(Material for the task):

------------------------------------------------------------------------

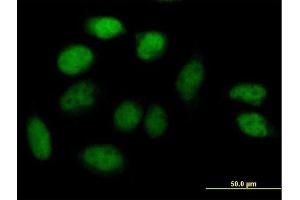 Immunofluorescence of purified MaxPab antibody to ZNF503 on HeLa cell.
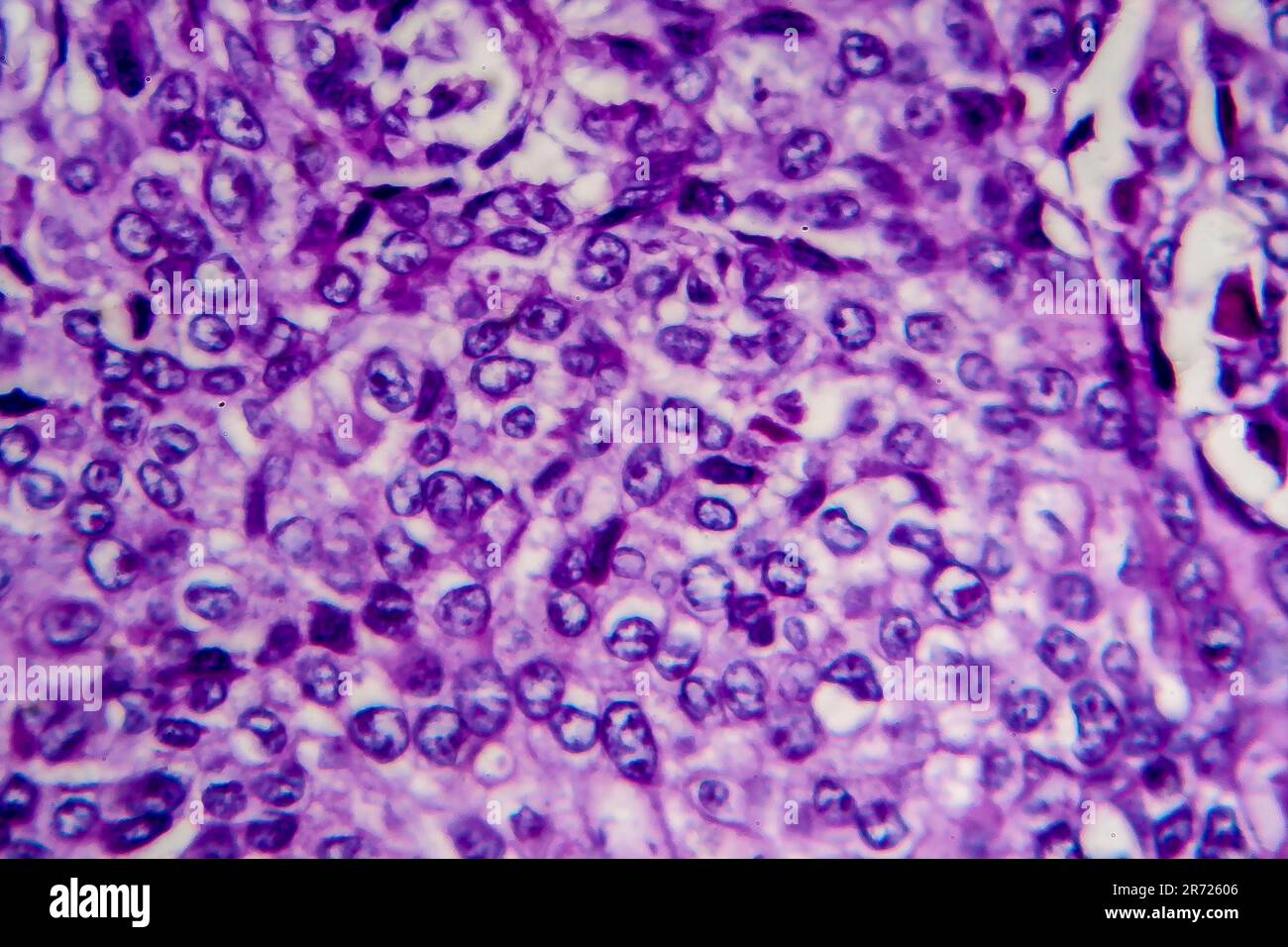 Bladder transitional cell carcinoma, light micrograph, photo under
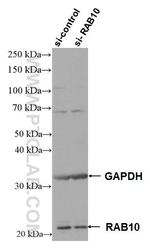 RAB10 Antibody in Western Blot (WB)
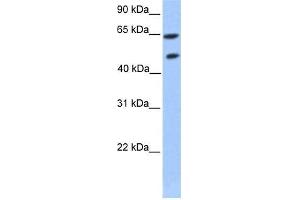 Transfected 293T; WB Suggested Anti-ZNF449 Antibody Titration: 0. (ZNF449 Antikörper  (Middle Region))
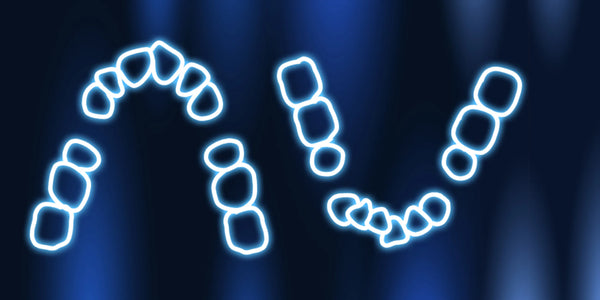 Extractions in orthodontics: aligners, braces, microimplants, transpalatal arches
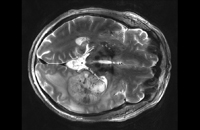 Magnetresonanztomographische Aufnahmen eines Glioblastoms. Bild: DKFZ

------------------------------------------------------------------------

(Your task): Print each record exactly as it stands, omitting the pictures.

(Answer to the problem):
 Immunofluorescence of purified MaxPab antibody to ZNF503 on HeLa cell.
 Bladder transitional cell carcinoma, light micrograph, photo under
 RAB10 Antibody in Western Blot (WB)
 Transfected 293T; WB Suggested Anti-ZNF449 Antibody Titration: 0. (ZNF449 Antikörper  (Middle Region))
 Extractions in orthodontics: aligners, braces, microimplants, transpalatal arches
 Magnetresonanztomographische Aufnahmen eines Glioblastoms. Bild: DKFZ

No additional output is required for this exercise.